Unfortunately, Orgazmo becomes the unlikeliest cross-over mega-blockbuster ever, and soon Joe’s masked face is plastered all over Time Magazine and the AVN Awards. Adding to his troubles, the owner of his favorite sushi bar is being harassed by the mobsters who own the dance club next door, and who want to demolish the restaurant for purposes of expansion (three guesses as to who the mob boss is). With the help of his on-screen sidekick, the diminutive Choda Boy (Dian Bachar), Joe becomes a real-life version of Orgazmo—complete with a fully functioning “Orgazmorator”, an arm-mounted canon that induces uncontrollable pleasure in its targets, man, woman, and animal.

The first twenty minutes of Orgazmo are pretty rough. I didn’t crack a smile, and felt no guilt over pausing the film a couple times to get some ice cream and use the bathroom. The jokes fell flat, the acting by everyone except Parker was unforgivably bad—cheesy not in the porno movie sense, but in the porno-stars-trying-to-act-outside-of-porno-movies sense. However, Choda Boy’s introduction marks a distinct turn in the feel of the film. At the outset, we only had Parker’s aw-shucks, one-note character to root for, and he was contrasted by overbearing sleaze-ball stereotypes. Dian Bachar brought a spirit of fun and mischief that, frankly, carried the rest of the picture (he certainly brought Parker’s character to life).

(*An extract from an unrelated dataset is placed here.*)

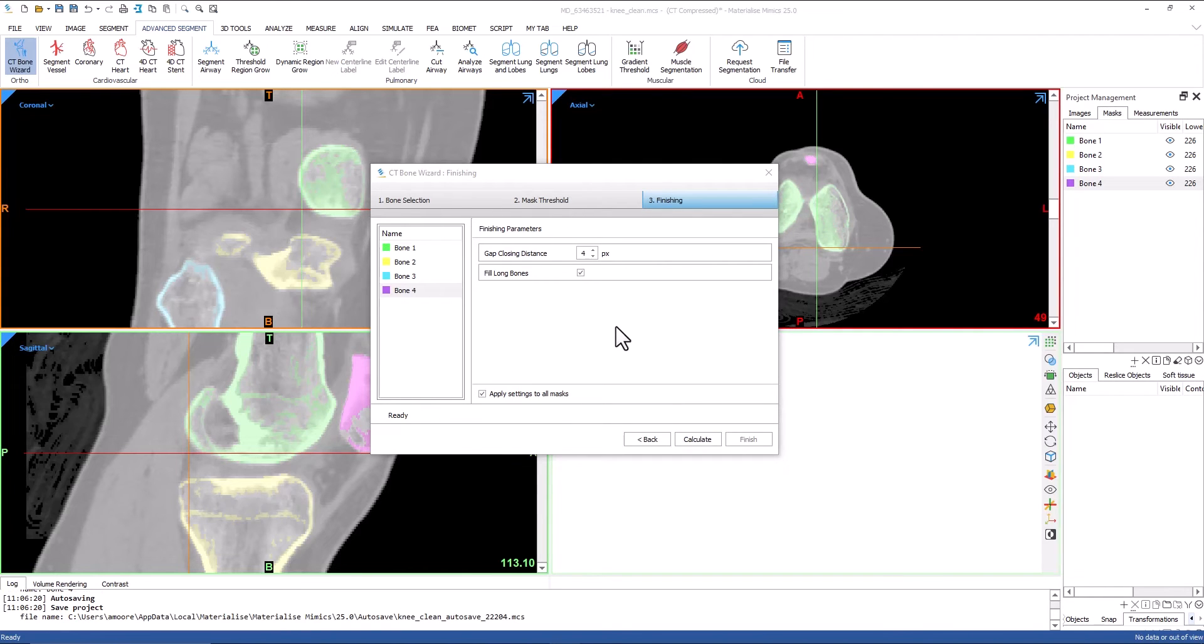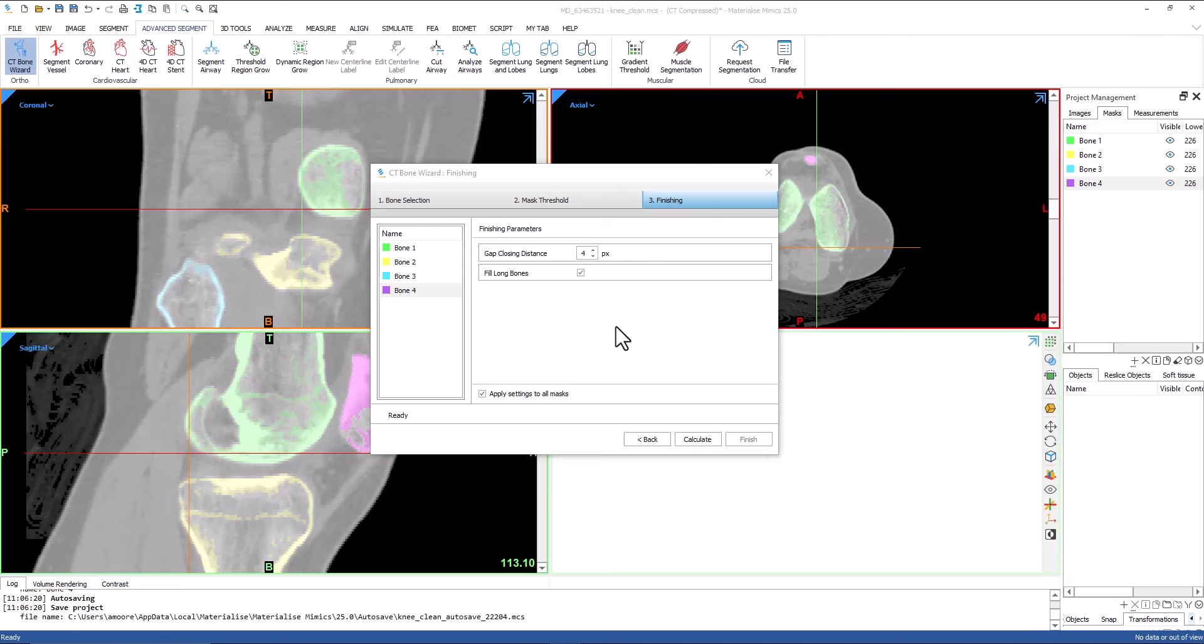The third and final step of the CT Bone Wizard tool is finishing. This step is used to perform post-processing on the newly created masks, including filling and fine tuning of the contours. Using the gap closing distance will define a zone around the mask where an additional analysis of the pixels will be performed. If the tool believes there is a high probability of a pixel being part of the bone, it will be added to the mask.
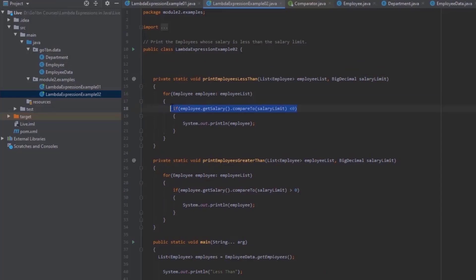This tells us that if we could just pass in that one differing piece of code as a parameter, we could reuse the entire function instead of writing a new method. That's exactly what functional programming is all about — being able to pass a function as a parameter to be used inside another method. Let's see how we can improve this code.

From that point on, the jokes in Orgazmo hit maybe half the time. There are a lot of misfires in the movie, but the bits that work really, really work. One sequence in particular, in which Choda Boy shares the origin of his “Hamster Style” fighting technique had me laughing hard. It’s a stupid bit, but one that’s executed with the subtlety and precision of an Airplane gag. Honestly, most of the porn-industry-centric jokes—the ones that are supposed to be shocking and hilarious—are just kind of sad.

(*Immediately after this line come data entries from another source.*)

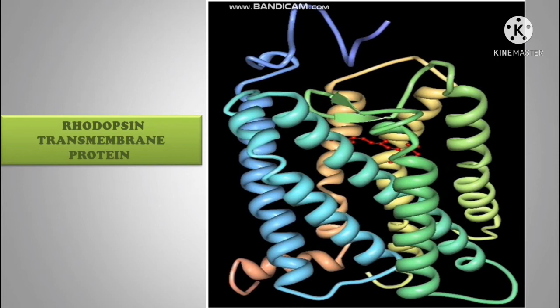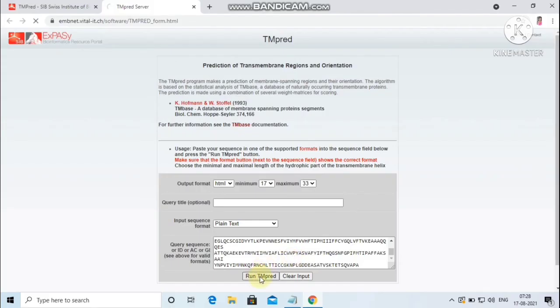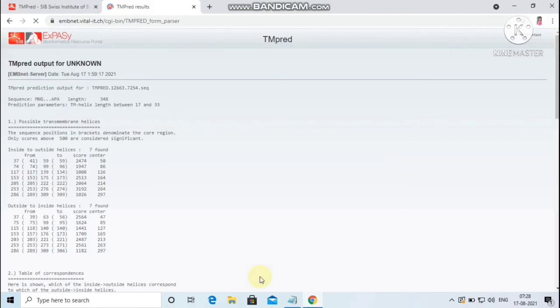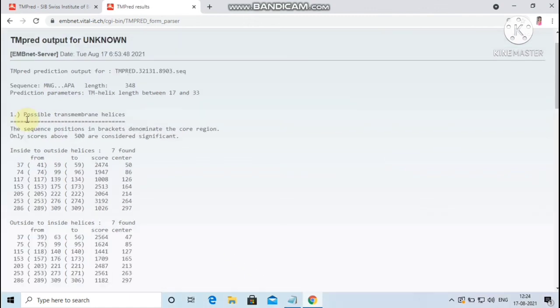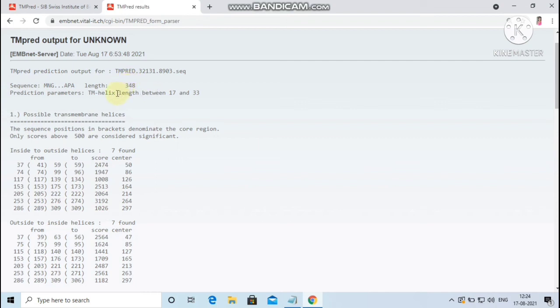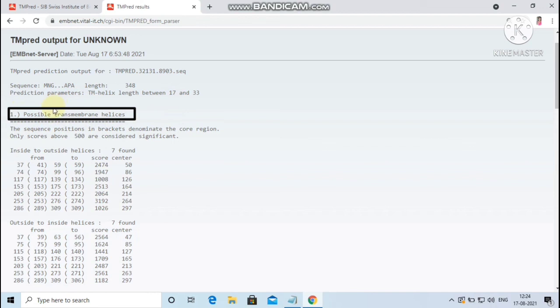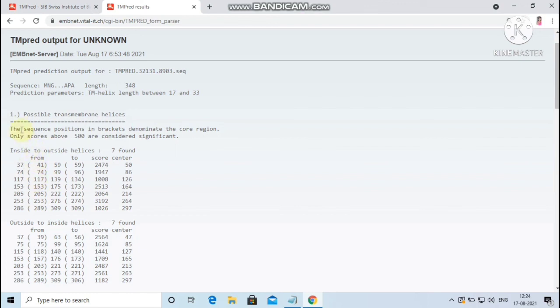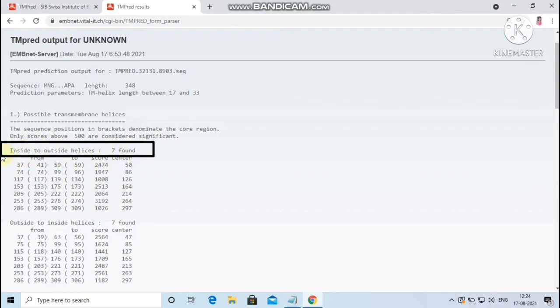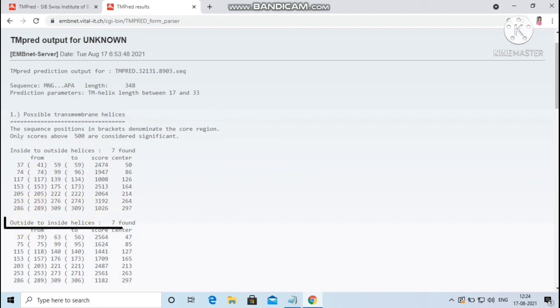Rhodopsin is a visual pigment of the rod photoreceptor cell in the vertebrate retina. Click on Run TMpred. The output page will be displayed. Here the sequence length is 348. The parameters are predicted for hydrophobic region of TM helices between the length 17 and 33. The first resultant output shows the possible transmembrane helices. The sequence positions in brackets denominate the core region. The scores only above 500 are considered to be significant. Here 7 inside to outside helices are found to be significant and 7 outside to inside helices are found to be significant.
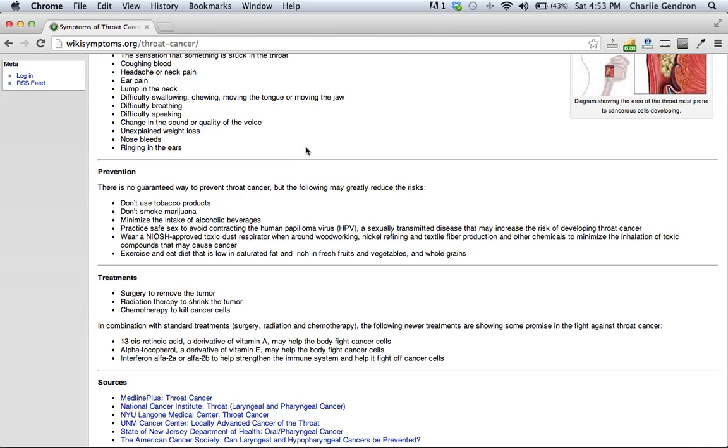Wear a NIOSH approved toxic dust respirator when around woodworking, nickel refining, and textile fiber production, and other chemicals to minimize the inhalation of toxic compounds that may cause cancer.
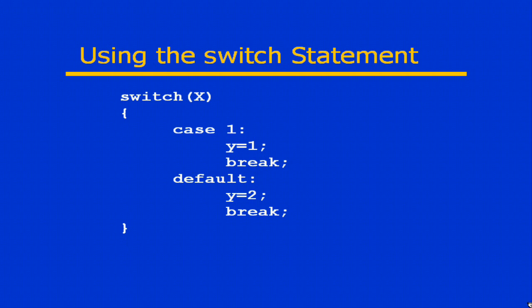What we're doing in case one is we're assigning one to the variable y, and then we do a break. We have to throw that break in there because since case one is not an empty case, without the break it would fall into the default case, which is not allowed in C#.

Trey Parker and Matt Stone (who pops up as Dave the Lighting Guy) were working on Orgazmo, I’m pretty sure, when they inked their deal with Comedy Central to do South Park. I find it amazing that they made this movie before they rocketed to super-stardom. Orgazmo is the kind of failed vanity project that usually comes after a comedian has proven himself commercially viable (Parker and Stone had one of those, too, called Baseketball). What’s great about this movie is that one can see the dirty seeds of the humor they would soon perfect, and I wonder if all of the juvenile material that fell flat was purely their doing, or came from studio interference. Whatever the case, their talent is evident here, but not as much as one might suspect going in.

Additionally, this movie is fascinating for people who are fascinated by the adult entertainment industry. Not only can you play “Spot the Porn Star” (aka “Where’s Dildo”) with many of the extras, but you can—if you’re so inclined—reminisce about the more innocent days of mass-marketed sex. This was 1997, when everything was teased hair, mile-long thongs, and a pseudo-mainstream studio system that focused on storytelling; rather than the desensitizing, perversions-on-demand Internet Age of compilation videos and “sexting”.

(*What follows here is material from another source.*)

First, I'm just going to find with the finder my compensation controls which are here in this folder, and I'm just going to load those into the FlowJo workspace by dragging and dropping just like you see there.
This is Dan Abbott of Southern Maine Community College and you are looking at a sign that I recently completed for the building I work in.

By the time the movie had ended, I was kind of itching for a sequel. Yes, Orgazmo is a bad movie, but the earnestness of the main cast and the likely accidental homage to 80s crime-fighting movies made me smile. Hell, I wouldn’t mind seeing a remake, scripted with the well-honed, devious wit that Parker and Stone have cultivated in the thirteen years since this film was released; and Mormons are as funny as ever.